Badania przeprowadzone ostatnio przez należący do NASA Goddard Institute for Space Studies wykazały, że elektrownie atomowe nie tylko chronią naszą atmosferę przed gazami cieplarnianymi - dzięki nim udało się zapobiec śmierci około 1.8 miliona osób z powodu zanieczyszczenia powietrza.
Niestety katastrofa w Fukushimie spowodowana tsunami i trzęsieniem ziemi w 2011 roku doprowadziła do tego, że wiele krajów zaczęło zupełnie wycofywać się z atomu (np Niemcy), a na całym świecie zaczęły podnosić się znowu głosy o szkodliwości energii atomowej. Była to jednak bezpodstawna histeria - atom, w porównaniu do energii ze spalania paliw kopalnych, jest w ogólnym rachunku dużo bezpieczniejszy.
Tym razem naukowcy postanowili spojrzeć na nieco szerszy obraz sytuacji i wzięli oni pod uwagę dane dotyczące śmierci powodowanych przez paliwa kopalne (począwszy od chorób u górników, po schorzenia wywoływane zanieczyszczeniem powietrza przez elektrownie).
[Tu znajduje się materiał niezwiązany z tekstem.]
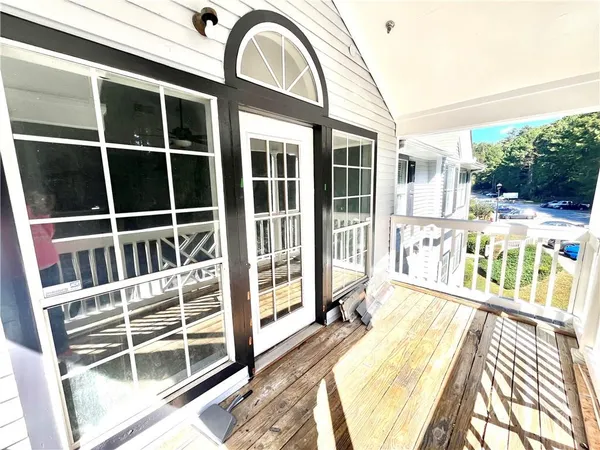 $120,000 | 3622 Shepherds Path, Decatur, GA 30034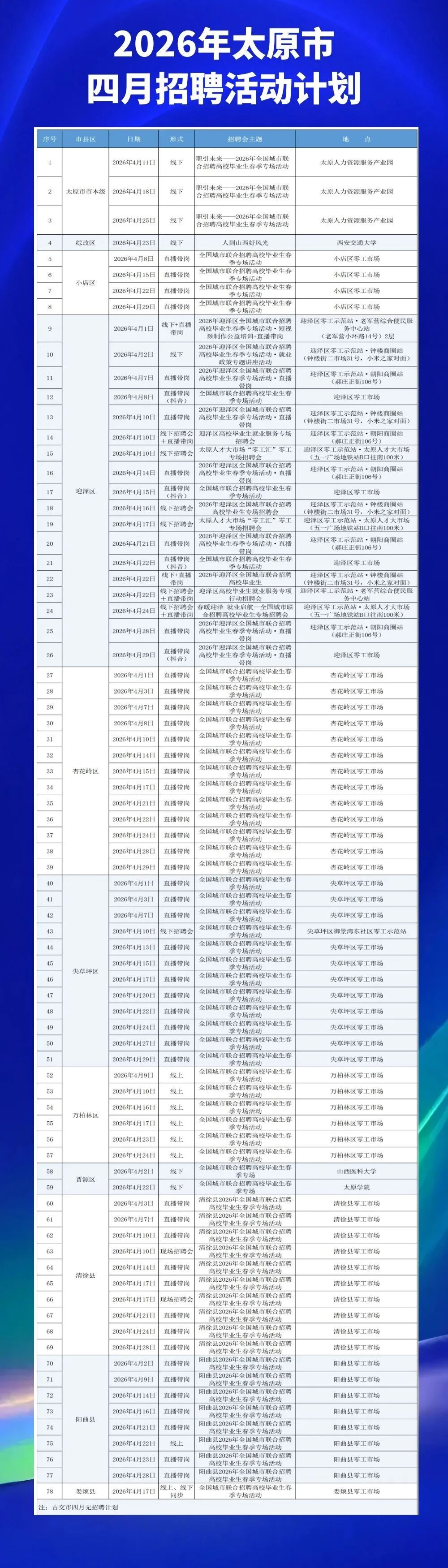 1775474416849082533.jpg 微信图片_20260406190410_3023_34.jpg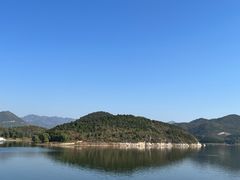 -北京金海湖景区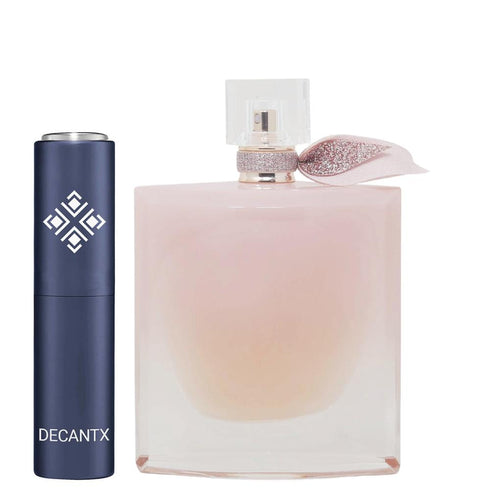 Lancôme La Vie Est Belle Vanille Nude L'Eau de Parfum Sensualle for Women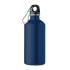 Enkellaagse fles  500ml - Dark navy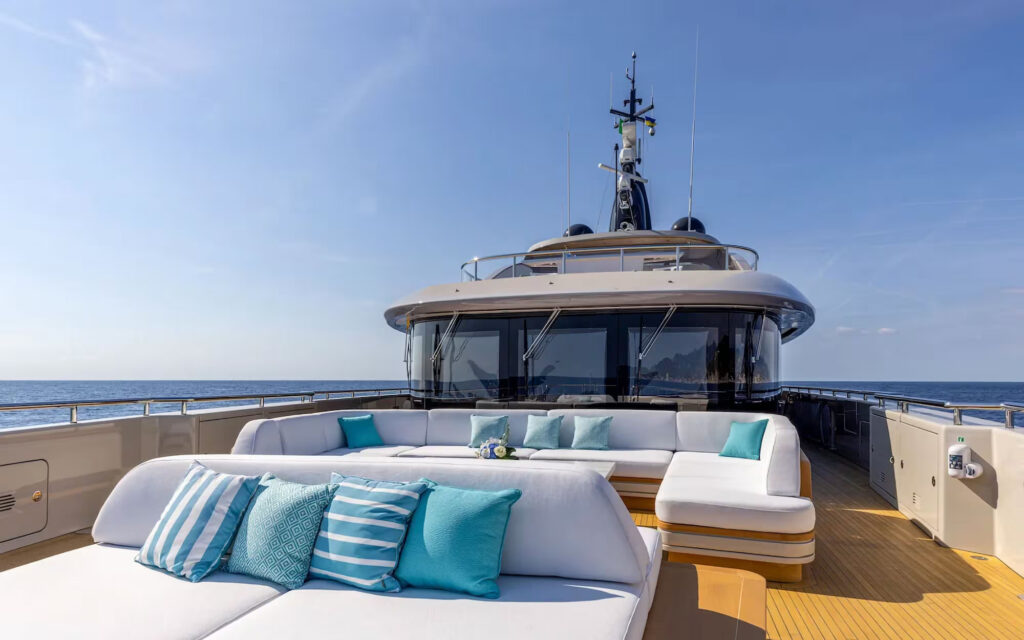 2022 BENETTI 50 IRYNA (9)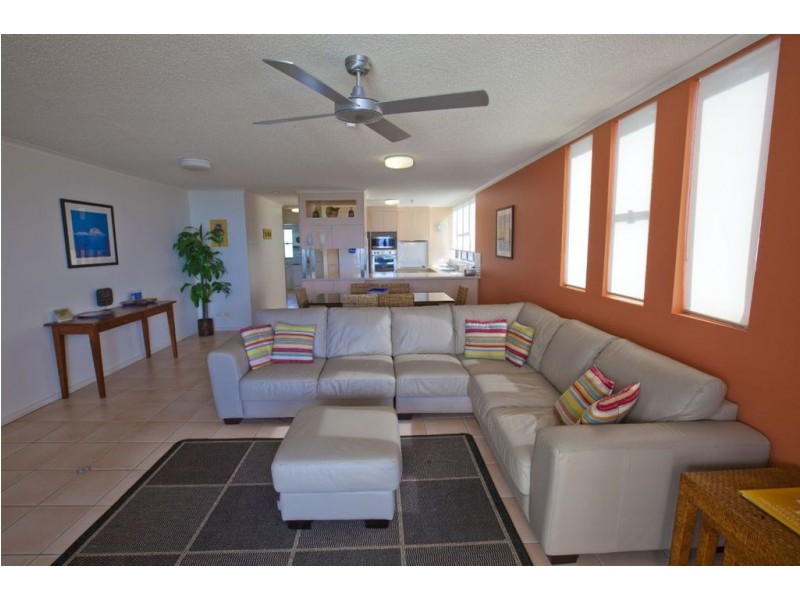 33/95 Mooloolaba Esplanade, Mooloolaba QLD 4557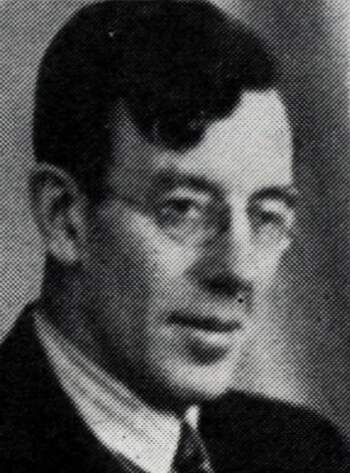 Aksel Bottolf Flood-Engebretsen (portrettfoto)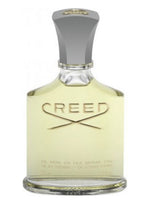 Royal Scottish Lavender Creed for women and men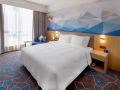 holiday-inn-express-qidong-downtown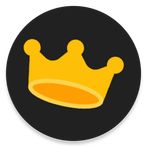 Online Chess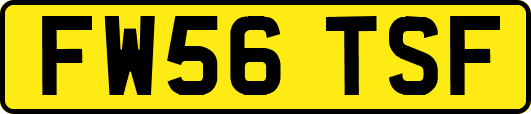FW56TSF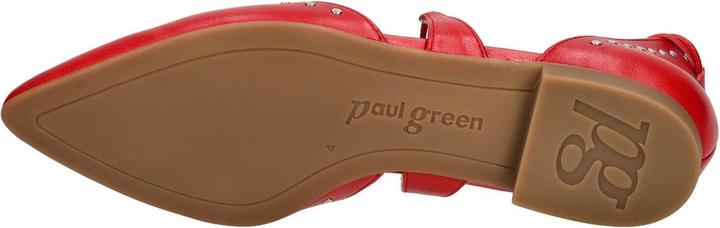 Produktbild Paul Green Ballerinas (39)
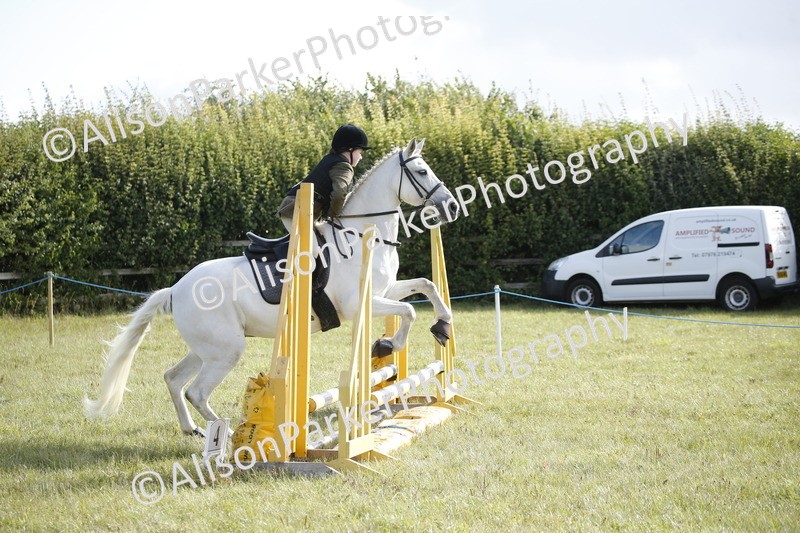 20250831-0172 - Class 1 - 50cm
Porównując te dane z ilością wytwarzanej w ten sposób energii byli oni w stanie w prosty sposób obliczyć, że gdyby nie istniały elektrownie atomowe, a energia uzyskiwana z ich pomocą byłaby pozyskiwana z paliw kopalnych - w latach 1971-2009 zginęłoby 1.8 miliona osób na świecie. W tym samym czasie atom doprowadził do śmierci 5 tysięcy osób.
Oznacza to, że jeśli do roku 2050 wszystkie elektrownie atomowe zostaną zastąpione gazowymi, umrze o 420 tysięcy więcej osób, natomiast jeśli zastąpią je elektrownie węglowe - doprowadzi to do śmierci 7 milionów ludzi.